Some of the things we've found really great about working with ProseMirror:

\- Separation of the data model from the rendered display has allowed us to
extract things like tracked changes and comments which we traditionally
embedded as HTML tags in TinyMCE. This leads to less cleaning and prevents
inadvertent publishing of metadata.

\- Unidirectional data flow makes it work well with applications that use this
type of data architecture.

\- Separation of modules (prosemirror-state, prosemirror-model, etc) has
allowed us to quickly write better tests around our editor code.

\- Decorations have been great for implementing the previously mentioned
metadata aspects of our editor like comments and change tracking. They're
useful for features like our custom spell checking implementation, which
checks for Times style in addition to normal spelling/grammar.
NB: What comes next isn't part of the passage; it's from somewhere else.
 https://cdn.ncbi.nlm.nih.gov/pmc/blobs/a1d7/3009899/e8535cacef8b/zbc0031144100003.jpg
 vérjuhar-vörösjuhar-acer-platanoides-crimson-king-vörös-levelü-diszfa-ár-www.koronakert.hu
\- Node views allow us to implement rendering in our own way. We've been
rendering React components into them which will eventually allow us to share
code between our editing environment and our user facing web stack. They also
allow use to render the same editor schema in different ways depending on the
context/view they are being used in.

\- The step/transaction model has allowed us to move from what was previously
a set of additions and deletions persisted within the document to a calculated
change tracking implementation. This allows both for a cleaner document but
also allows for a wider range of tracking (i.e. show the differences between
versions 10 and 15) rather than a static current vs the last "accepted"
version comparison.

\- Prosemirror’s plugin system is really simple and flexible and has allowed
us to add new features to our editor rapidly in a modular way without
interfering with other features (comments, custom spell checking, custom
find/replace, etc).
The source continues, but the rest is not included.